Published in spanish Científi ca Dental Vol. 21. Nº 1. 2024
www.cientificadental.es

Pulp regeneration/revitalization in immature permanent teeth

Resumen

Introduction: Treatment of affected immature teeth is a challenging procedure. Immature teeth have wide canals, thin dentin walls and open apices, in addition to being more prone to fracture and with a poor long-term prognosis. Revascularization of an immature tooth attempts to preserve the teeth as long as possible, but there are failures because it is difficult to achieve optimal disinfection of the root canal system.

Methods: An exhaustive search was carried out by consulting the electronic databases PubMed and Web of Science of the last 10 years, using keywords and eligibility criteria.
Results: The search process yielded 635 total articles. After applying filters, eliminating duplicates and selecting articles by title and abstract, only 27 were for the present study.

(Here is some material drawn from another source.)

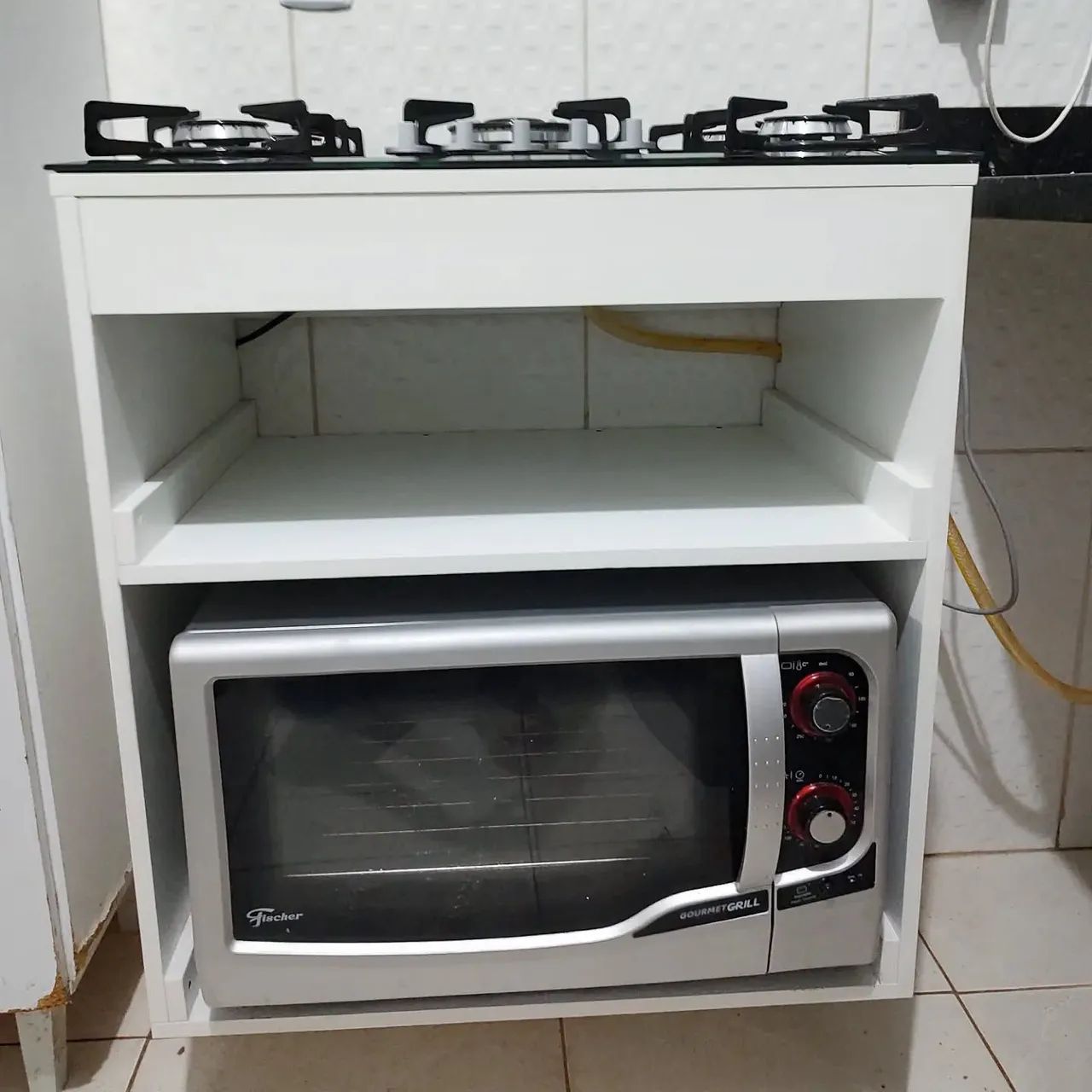 Balcão para cooktop mdf - Foto 2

Conclusions: Pulp revitalization has high survival rates in the treatment of necrotic immature permanent teeth. Randomized clinical trials are needed to compare the effect of platelet-rich fibrin, platelet-rich plasma, and induced bleeding on the revitalization of a tooth with necrotic pulp. One of the main problems of pulp revitalization is coronal discoloration. Triple antibiotic paste is a very effective antimicrobial agent, but high concentrations could have a detrimental effect on stem cell survival.

KEY WORDS
Apical closure; Open apex; Immature teeth; Permanent teeth, Platelet-rich fibrin; MTA; Non-vital traumatized immature permanent; Pulp necrosis; Dental pulp regeneration.

Abstract
Palabras clave
Introducción

During childhood and adolescence, traumatic dental injuries are common, causing damage to the tooth and its supporting structures, including root fractures, bone loss, and tooth loss1. The loss of permanent teeth at an early age may result in arrested growth of the alveolar bone, thereby impeding subsequent aesthetic and functional reconstruction2. Given the increasing desire to preserve natural teeth, a tooth with a poor prognosis presents a new challenge for dentists1.
The principal characteristic of young permanent teeth is incomplete root development. This results in an open apical foramen, thinner and more fragile root walls, an inadequate crown-root ratio, and an unformed root structure3. These particular characteristics of young permanent teeth mean that the required pulp treatments are different and should be as conservative as possible.
The management of affected immature teeth is among the most challenging procedures in endodontics. Owing to the fact that such immature teeth possess very wide canals, thin dentinal walls, and open apices, they present increased difficulty for the clinician during biomechanical preparation1,3. Furthermore, these are more prone to fracture and, therefore, have a poor long-term prognosis3,4.
Traditionally, immature teeth diagnosed with necrotic pulp are treated by apexification with calcium hydroxide (Ca(OH)2) or mineral trioxide aggregate (MTA)5,6. However, neither procedure allows for thickening of the root wall or continued root development7; consequently, these teeth become fragile and susceptible to fracture5.
Regenerative endodontic procedures represent a novel therapeutic approach that promotes continued root growth in necrotic immature teeth, potentially preventing root fracture5. The revascularisation of a traumatised immature tooth seeks to preserve the teeth for as long as possible2.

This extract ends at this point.